Et cet apparat est vraiment de trop. Combien de fois je me suis offusquée contre mon mari qui me balançait, de passage dans la salle de bains: "Beurk! T'es pas rasée sous les bras!" D'une, c'est l'hiver et je ne porte que des pulls donc je ne vois pas l'intérêt, et de deux, ce n'est pas parce que je ne suis pas rasée de près que je manque d'hygiène! Quel scandale de voir une femme venir au travail sans être maquillée, on s'empresse de dire qu'elle ne sait pas prendre soin d'elle, mais un homme qui vient avec une barbe de 3 jours, c'est sexy. Non mais franchement... Ca m'énerve.
Pour en revenir à nos pyjamas, je suis quand même allée voir dans le rayon garçon.
J'ai trouvé les messages beaucoup plus neutres. Il y a bien Spiderman et Gingka, des héros forts et courageux, mais dans l'ensemble, ça reste sobre. J'ai d'ailleurs pris le pyjama Mickey gris pour Lulu (j'aurais bien pris le Mario en haut à gauche mais il n'y avait pas sa taille!). Les garçons ont le choix de la diversité, de devenir celui qu'il ont envie d'être.

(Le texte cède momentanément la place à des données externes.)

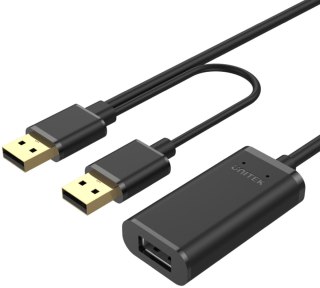 Unitek Y-278 wzmacniacz sygnału USB 2.0 10M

Et ce que j'ai pu constater par moi-même dans le quotidien, ce n'est qu'une brindille dans le monde sexiste qui nous entoure. Je suis régulièrement les blogs de
Sophie Gourion,
Antisexisme et
Kalista avec qui je découvre des choses qui me paraissent abracadabrantes, comme la blague sexiste et ô combien violente de
Seth MacFarlane lors de la cérémonie des Oscars ou la campagne de publicité pour le
salon du livre ancien. Une étude récente épingle d'ailleurs
la place de la publicité sexiste autour de nous. Je ne comprenais pas l'intérêt de la journée internationale des femmes le 8 mars dans un pays comme le nôtre, je le pensais davantage destiné aux femmes du Moyen-Orient qui doivent encore lutter pour avoir le droit de vote ou juste sortir dans la rue, mais je m'aperçois qu'il y a encore beaucoup à faire pour la cause des femmes dans nos contrées.
Le sexisme est encore bien présent dans notre société et je vais avoir fort à faire dans les années à venir. Surtout quand j'entends Lulu dire, au moment de sortir jouer au ballon: "Ballon! Garçon!". Grrr!